Why PepsiCo Might Limit How Many Chips Are In A Bag

That inflation is driving up prices on a wide range of products is hardly news at this point. Forbes points out that inflation rate is at 8.6% representing a 40-year high. With the dollar buying less-and-less, consumers are shelling out more of them for rent, electricity, air fare, and groceries, specifically produce and meat.

Food and beverage companies are feeling the pinch in their pocketbooks as well, says Yahoo. Transportation, packaging, raw materials, and labor costs have all shot up, and, predictably, a large number of these firms are passing those costs on to consumers. Among those who have raised their prices or announced their intention to do so include Hormel and General Mills.

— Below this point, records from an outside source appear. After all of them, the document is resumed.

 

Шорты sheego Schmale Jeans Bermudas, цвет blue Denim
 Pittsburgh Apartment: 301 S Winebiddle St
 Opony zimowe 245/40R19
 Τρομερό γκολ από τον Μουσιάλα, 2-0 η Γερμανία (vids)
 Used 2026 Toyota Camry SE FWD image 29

PepsiCo, maker of the eponymous cola and the Frito-Lays line of snacks, has also raised prices, reports Food Dive. However, the company is also considering a novel approach that could keep costs down, but not without a different sort of change.

Less instead of more

PepsiCo CEO Ramon Laguarta, in his Q2 2022 prepared remarks released on the company's website, noted that they plan to focus greater attention on "holistic cost management initiatives." Across the company, this relates to a range of programs, but, when it comes to Frito-Lay North America, this could mean that when you reach for a bag of chips, they'll be less there.

Explaining that they are exploring "mix and assortment solutions," Laguarta's remarks further outline that variety packs may see smaller "pack sizes" in the future. This plan was echoed by company CFO Hugh Johnson on the CNBC program "Squawk Box." He further elaborated that this would not be a permanent change, but rather on occasion and would be done in lieu of raising prices.

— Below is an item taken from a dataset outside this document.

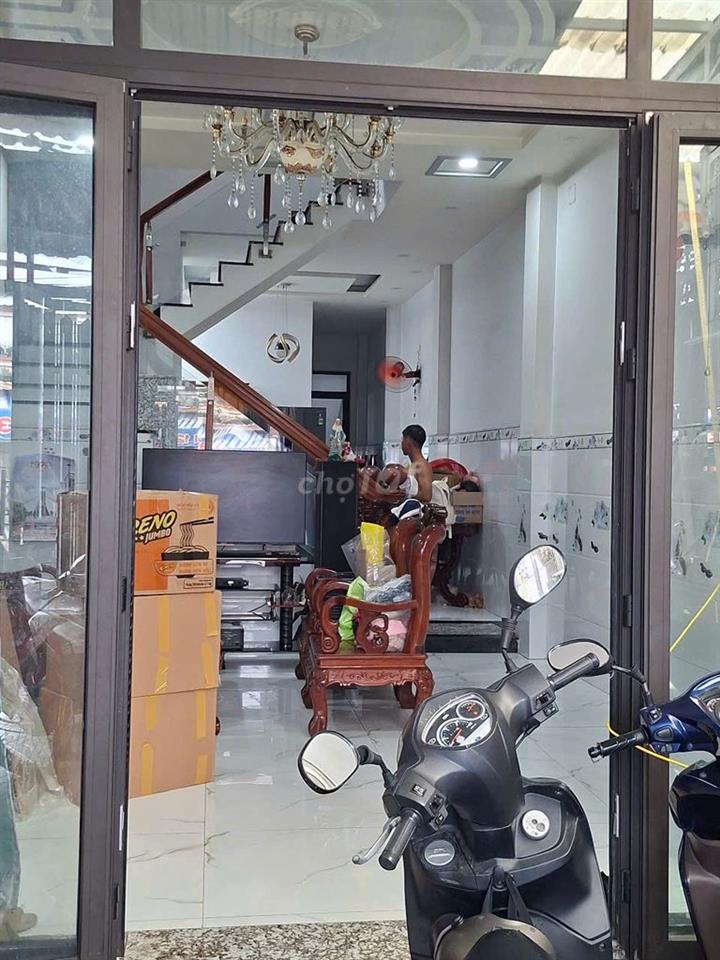 Nhà MT Trần Thị Hè Q12 diện tích lớn 4.3x27m, 2 tầng kiên cố, 7.5 tỷ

While that news may sting fans of Frito-Lay — which also produces brands like Ruffles, Sun Chips, and Smartfood – PepsiCo has made another relatively recent announcement that should make consumers –- and our planet –- happy. The pep+ (PepsiCo Positive) initiative is a "strategic end-to-end transformation" that includes a host of 2030 goals, from utilizing regenerative agricultural practices to net-zero emission and net water positivity to reducing the amount of plastic bottles it uses in packaging.